Booby Trapping the Ethereum Blockchain

This is how an attacker could have hid a ticking time bomb on the Ethereum blockchain that, when triggered, would hard fork the entire network

This is the second in a series of blog posts about bugs I've found in go-ethereum (Geth). If you haven't already, take a look at Part 1 here.

Today's post is about a bug in Geth's state downloader which could be used to trick it into syncing with mainnet incorrectly. If exploited, an attacker could have booby trapped the Ethereum blockchain and triggered a hard fork at will.

Synchronization

Whenever someone wants to run an Ethereum node, they must first synchronize with the network. This means downloading or computing all of the data needed to build a complete picture of the chain state at the latest block. Depending on the needs of the user, some tradeoffs between security and speed can be made, so Geth supported (at the time) two different sync modes: full sync and fast sync.

As the name would suggest, full sync performs a full synchronization of the Ethereum blockchain. This means that Geth will download and validate the proof-of-work seals on every single block. Geth will also execute every single transaction in the block, which allows it to generate the blockchain state locally without needing to trust other nodes. This is more secure but comes with a heavy speed tradeoff, as a full Geth sync may take anywhere from days to weeks to complete.

However, some users may not want to wait weeks for a full sync to complete. Perhaps they have a deadline to meet or they simply don't think the speed tradeoff is worth it. For this, Geth offers a mode where chain data up to a recent block (known as the pivot) is synchronized using a faster approach, with only the few remaining blocks being synchronized using the slower full sync algorithm. In fast sync mode, Geth downloads but does not verify the proof-of-work on every block, instead choosing certain blocks at random. Geth also does not execute any transactions, instead choosing to download the state trie directly from peers in order to arrive at the final blockchain state.

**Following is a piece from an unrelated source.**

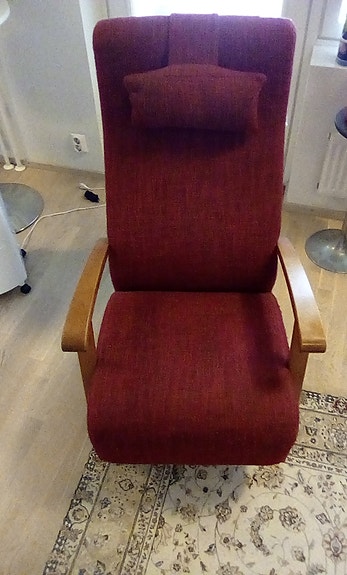 Product image 1 of 2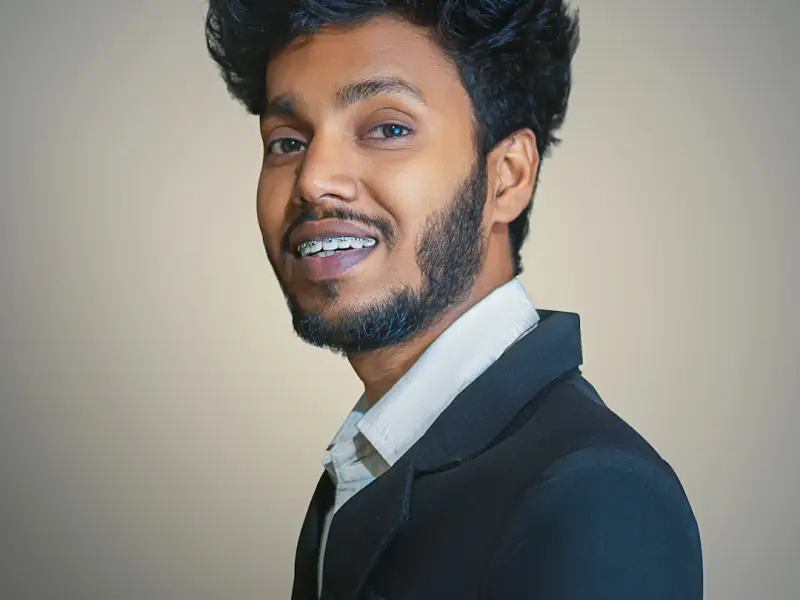 女朋友说我们适合做朋友不适合做恋人和我分手，我该怎么去挽回她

Of course, Geth doesn't just blindly trust state trie data that peers send back, or a malicious peer could claim that a certain account has much more ether than it actually does. To understand how Geth can tell whether the data it just received is correct or not, we must first understand the Merkle-Patricia trie.

Merkle-Patricia Trie

The Merkle-Patricia trie (MPT) is a key data structure in Geth and is a combination of the Merkle tree and the Patricia trie.

Put very simply, a Patricia trie stores data in a tree-like structure based on the data's prefix. This is a more optimal way of storing similar data when compared to something like a hashmap, although there may be a speed tradeoff. For example, here's how several words all starting with r might be stored in a Patricia trie.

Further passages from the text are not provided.